[Given data]
Segment Open

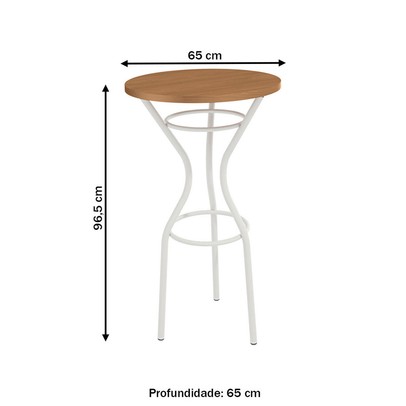 Mesa Bistrô Martina Branco/Canela - Kappesberg Crome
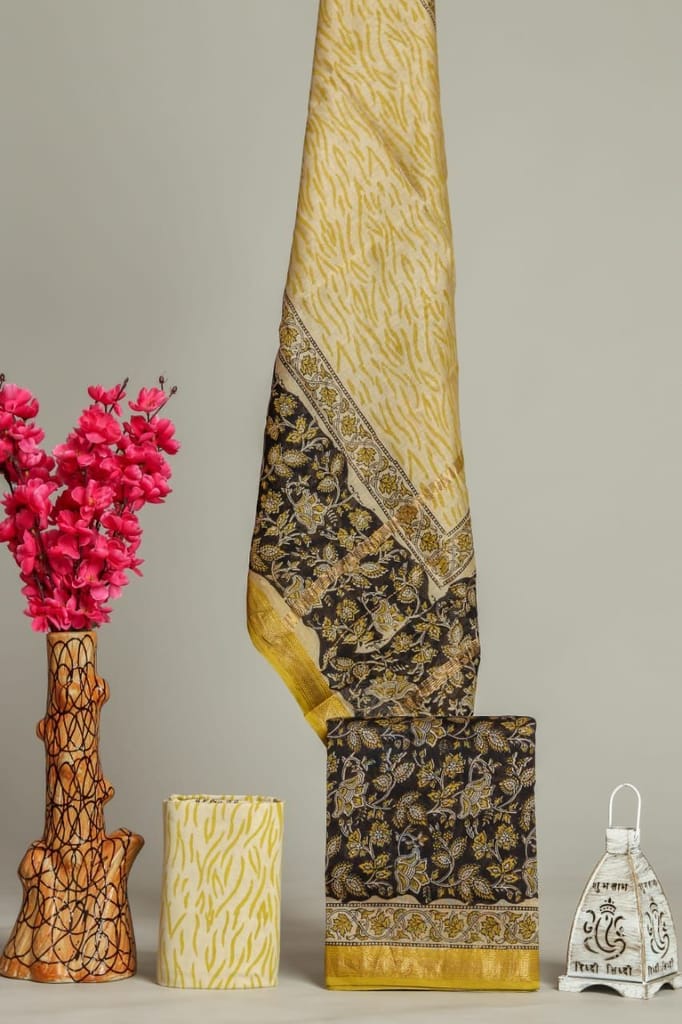Floral Jaal Hand Block Print Maheshwari Silk Suit Set (MSL11) view 2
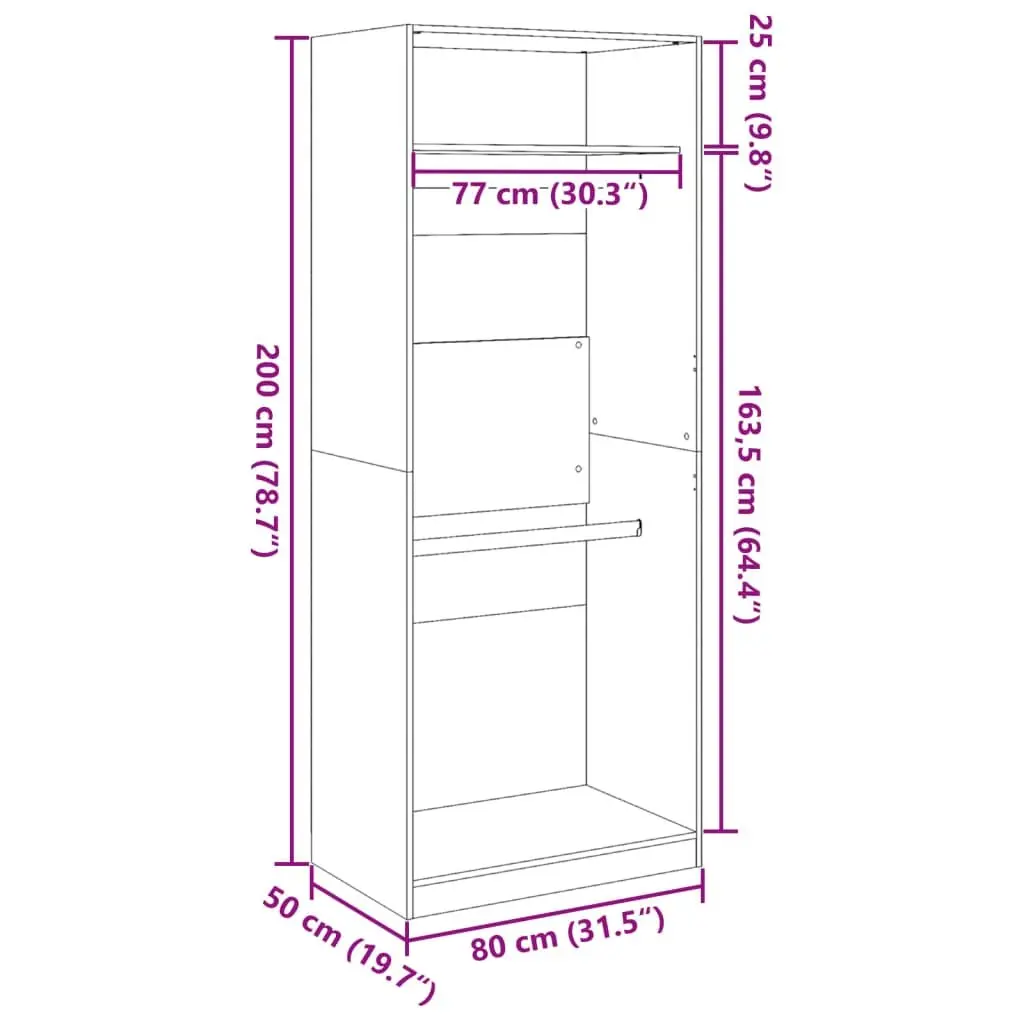 Wardrobe 80x50x200 cm White Storage Cupboard 2 Compartments Engineered Wood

Segment Closed

The line with "Floral Jaal Hand" marks the start, and the last line of the material marks the end. Reproduce exactly those two lines and every line between them, without the pictures.

[Problem solution]
Floral Jaal Hand Block Print Maheshwari Silk Suit Set (MSL11) view 2
 Wardrobe 80x50x200 cm White Storage Cupboard 2 Compartments Engineered Wood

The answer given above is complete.